Should You Exchange Your Variable Annuity?
FINRA fined MetLife Securities, Inc. (MSI) $20 million and ordered it to pay $5 million to eligible customers for making negligent material misrepresentations and omissions on variable annuity (VA) replacement applications. FINRA’s enforcement action offers an opportunity to take a closer look at the VA exchange decision process. · Financial Industry Regulatory Authority

Last week, FINRA fined MetLife Securities, Inc. (MSI) $20 million and ordered it to pay $5 million to eligible customers for making negligent material misrepresentations and omissions on variable annuity (VA) replacement applications for tens of thousands of customers. It was the biggest fine ever levied by the regulator related to VA sales.

Replacing one VA with another involves a comparison of the complex features of each security. In doing so, a firm and its registered representatives must compare costs and guarantees in a way that is a complete and accurate. In the MSI case, each misrepresentation and omission made the replacement appear more beneficial to the customer, even though the recommended VAs were typically more expensive than customers' existing VAs. The firm's principals ultimately approved 99.79 percent of VA replacement applications submitted to them for review, despite the fact that nearly three quarters of those applications contained materially inaccurate information.

FINRA's enforcement action offers an opportunity to take a closer look at the VA exchange decision process. As with so many decisions in life, there can be good reasons to consider an exchange—and there can be situations where an exchange is generally not a good idea. We'll help you sort through both scenarios. In any case, you should exchange your annuity only when it is better for you, and not just better for the person trying to sell you a new annuity.

Some Background

An annuity is a contract between you and an insurance company, where the company promises to make periodic payments to you, starting immediately or at some future time. You buy the annuity either with a single payment or a series of payments.

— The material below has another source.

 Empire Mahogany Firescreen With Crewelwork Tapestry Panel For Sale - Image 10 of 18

In the case of a variable annuity, the amount that will accumulate and be paid varies with the stock, bond and money market funds that you chose as investment options. Variable annuities may impose a variety of fees when you invest in them. Fees generally include surrender charges, which you owe if you withdraw money from the annuity before a specified period; mortality and expense risk charges, which the insurance company charges for the insurance risk it takes under the contract; administrative fees, for recordkeeping and other administrative expenses; underlying fund expenses, relating to the investment options; and charges for special features, such as a stepped-up death benefit or a guaranteed minimum income benefit.

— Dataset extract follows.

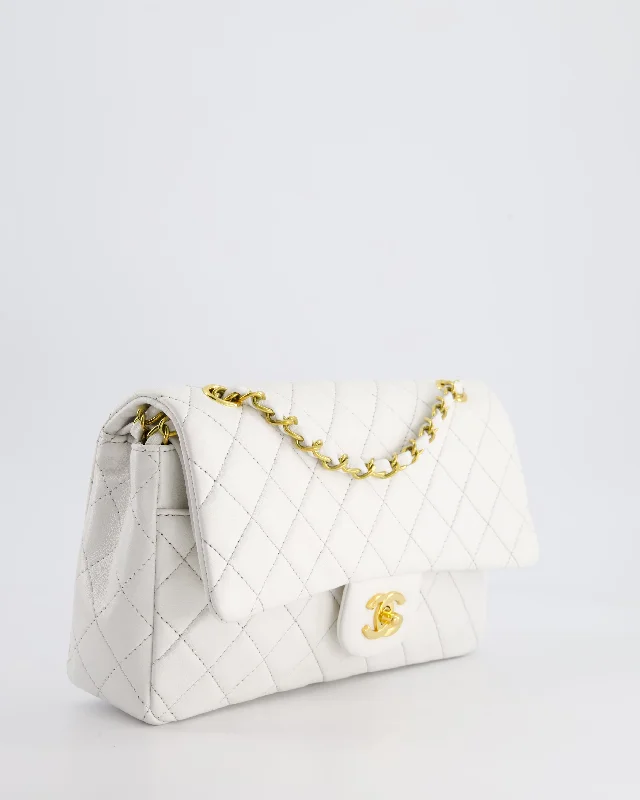 High-end designer bags for menChanel White Vintage Classic Double Flap Bag in Lambskin Leather with 24K Gold Hardware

The Internal Revenue Service allows you to exchange one VA contract for a new one without paying tax on the income and investment gains earned on the original contract. This can be a substantial benefit—and is often used as a selling point. Governed by Section 1035 of the Internal Revenue Code, these types of replacements are called "1035 Exchanges." But this tax benefit comes with some important strings attached, described in FINRA's investor alert on variable annuity exchanges.